High Bridge was a historic railroad bridge located in Prince Edward County, Virginia. It spanned the Appomattox River valley about six miles downstream from the town of Farmville. This bridge, part of the Southside Railroad between Petersburg and Lynchburg was built through Farmville between Burkeville and Pamplin City and was completed in 1954, one decade before the end of the Civil War.
The bridge was composed of two passageways – the rail portion on the top of the spans and the wagon bridge below the spans. General Lee was pushing his men across this bridge to the northern shore of the Appomattox River overnight on 6 April 1865. By morning, the Federal troops had come within sight of the bridge, and they could see the Confederates at the other end.

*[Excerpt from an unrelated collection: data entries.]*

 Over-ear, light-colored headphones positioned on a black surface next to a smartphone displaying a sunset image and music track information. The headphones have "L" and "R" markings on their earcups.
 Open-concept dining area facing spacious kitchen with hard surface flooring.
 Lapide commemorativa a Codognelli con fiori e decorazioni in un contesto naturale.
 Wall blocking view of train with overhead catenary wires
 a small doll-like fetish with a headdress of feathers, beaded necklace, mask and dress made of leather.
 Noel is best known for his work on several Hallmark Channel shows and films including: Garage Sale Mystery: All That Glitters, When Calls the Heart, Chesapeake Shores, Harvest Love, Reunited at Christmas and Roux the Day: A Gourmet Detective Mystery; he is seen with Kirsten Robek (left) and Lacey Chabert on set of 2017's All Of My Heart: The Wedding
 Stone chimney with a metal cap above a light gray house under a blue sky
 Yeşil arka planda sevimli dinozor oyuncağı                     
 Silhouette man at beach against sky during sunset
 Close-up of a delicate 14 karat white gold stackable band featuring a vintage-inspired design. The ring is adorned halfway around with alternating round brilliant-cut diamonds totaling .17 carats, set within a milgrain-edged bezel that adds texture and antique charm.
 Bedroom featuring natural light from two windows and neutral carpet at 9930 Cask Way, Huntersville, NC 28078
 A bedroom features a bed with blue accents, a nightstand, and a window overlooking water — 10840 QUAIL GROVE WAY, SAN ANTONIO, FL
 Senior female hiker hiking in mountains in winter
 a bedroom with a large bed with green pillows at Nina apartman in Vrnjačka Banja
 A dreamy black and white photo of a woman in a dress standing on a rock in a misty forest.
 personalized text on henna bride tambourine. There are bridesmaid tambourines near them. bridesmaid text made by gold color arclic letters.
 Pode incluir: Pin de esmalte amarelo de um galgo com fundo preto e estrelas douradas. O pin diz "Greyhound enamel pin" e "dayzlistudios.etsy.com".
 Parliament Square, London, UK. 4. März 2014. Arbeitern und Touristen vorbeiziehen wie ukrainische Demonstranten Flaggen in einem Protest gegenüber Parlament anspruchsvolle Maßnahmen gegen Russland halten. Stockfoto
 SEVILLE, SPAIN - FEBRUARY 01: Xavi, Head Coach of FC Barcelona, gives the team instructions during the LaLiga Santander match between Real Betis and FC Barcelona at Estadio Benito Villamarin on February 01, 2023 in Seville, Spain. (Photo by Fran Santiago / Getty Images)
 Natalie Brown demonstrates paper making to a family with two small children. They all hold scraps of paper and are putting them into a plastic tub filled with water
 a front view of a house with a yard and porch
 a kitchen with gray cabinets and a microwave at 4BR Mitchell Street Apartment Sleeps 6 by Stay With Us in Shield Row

The following account of the capture of High Bridge is from Days and Events by Thomas L. Livermore, Colonel of the 18th New Hampshire Volunteers: We moved after the enemy at 5:30 a.m. and did not come up with him until we got to High Bridge. We were riding with General Barlow’s division near its head, when our skirmishers opened the ball and we, following them closely soon came out upon the bluff which overlooked the valley of the Appomattox. The valley was half a mile wide. The river, which was unfordable and not over a hundred feet wide, ran close to our bank. The railroad bridge, called High Bridge, rested on twenty or more piers, each 125 feet high, and thus spanned the valley from bluff to bluff. The valley was clear of trees and we saw everything that transpired in it. At our end of the bridge, where we first came in sight of the valley, was a strong earthen fort with a number of guns which the revels had injured as much as possible in a brief time; a hundred yards in front the wooden bridge which crossed the river was afire, and he enemy’s skirmishers essayed to prevent ours from extinguishing the fire. At the farther side of the valley, the revel column was climbing up on the bluff and disappearing from sight, and the great railroad bridge was burning furiously at their end. A portion of General Barlow’s column hurried down to the small bridge and, forcing a passage, extinguished the flames and saved the bridge, and then our skirmishers deployed on the other side of the river and slowly drove the enemy’s skirmishers across the plain, eveyr man in both lines being in plain sight of us, so that we saw each shot and each man drop and every movement, a grander display than it is possible to produce in any amphitheater of these days.1
Image: High Bridge over the Appomattox River near Farmville, Virginia. Photographed in 1865 by Timothy H. O’Sullivan during repairs following its burning during the war.
- National Park Civil War Series, The Campaign to Appomattox
(Eastern National Park and Monument Association, 1995; reprint 1998), 12 (page citation is to the reprint edition).